Quelques clichés, puis nous descendons par l’escalier de service. Celui-ci nous mène d’abord dans un vide technique sombre, humide et immense. Mais il débouche sur un passage en plein cœur du monstre métallique. La vision est grandiose. L’ingénierie dont ont fait preuve les constructeurs est époustouflante. Les rivets, innombrables, les poutres entremêlées… Les photographes que nous sommes s’en donnent à cœur joie, bientôt perdus dans la multitude de prises de vues possibles…
Nous remontons enfin à l’air libre, si je puis me permettre, et sortons les drones. Je tourne, retourne, virevolte et passe sous le Viaduc pour monter ensuite une petite vidéo (disponible plus haut). La luminosité change trop fréquemment et je suis obligé de me cacher sous un t-shirt, comme sous le drap d’une chambre noire.
Nous repartons bientôt, heureux de cette petite découverte, et laissant le monstre d’acier se reposer jusqu’au prochain curieux. Le retour est acrobatique et fatiguant alors que la chaleur du soleil, bientôt à son zénith, se fait plus forte à chaque pas.
Un tout petit peu d'histoire
Vous l’aurez sans doute deviné à la forme technique de l’ouvrage et à ces croisillons métalliques, le Viaduc oublié est l’œuvre de la société Eiffel. Gustave en fut le maître d’œuvre, tandis qu’un de ses ingénieurs fut le conducteur de travaux. Ceux-ci durent trois ans environ, dans les années 1880 et la ligne de chemin de fer ouvre finalement vers 1890.

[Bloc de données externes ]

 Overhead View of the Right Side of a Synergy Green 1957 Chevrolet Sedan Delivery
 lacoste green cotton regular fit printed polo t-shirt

250,50 mètres de long pour 91,33 mètres de haut, le Viaduc est un ouvrage exceptionnel, grand frère de la Tour Eiffel. Les trains circulèrent pendant près de 120 ans sur ce pont. Aujourd’hui déclassé, mais inscrit aux Monuments historiques (1975), il semble faire l’objet de projets de réhabilitation écologique.
Ne cherchez pas d’infos de localisation ou une partie histoire détaillée sur ce lieu, je n’en donnerai pas ni n’en publierai tant que le Viaduc oublié sera abandonné. Respectons-le pour la vie qu’il accueillit jadis, pour les gens qu’y vécurent et pour son éventuelle future vie (destruction, réhabilitation…).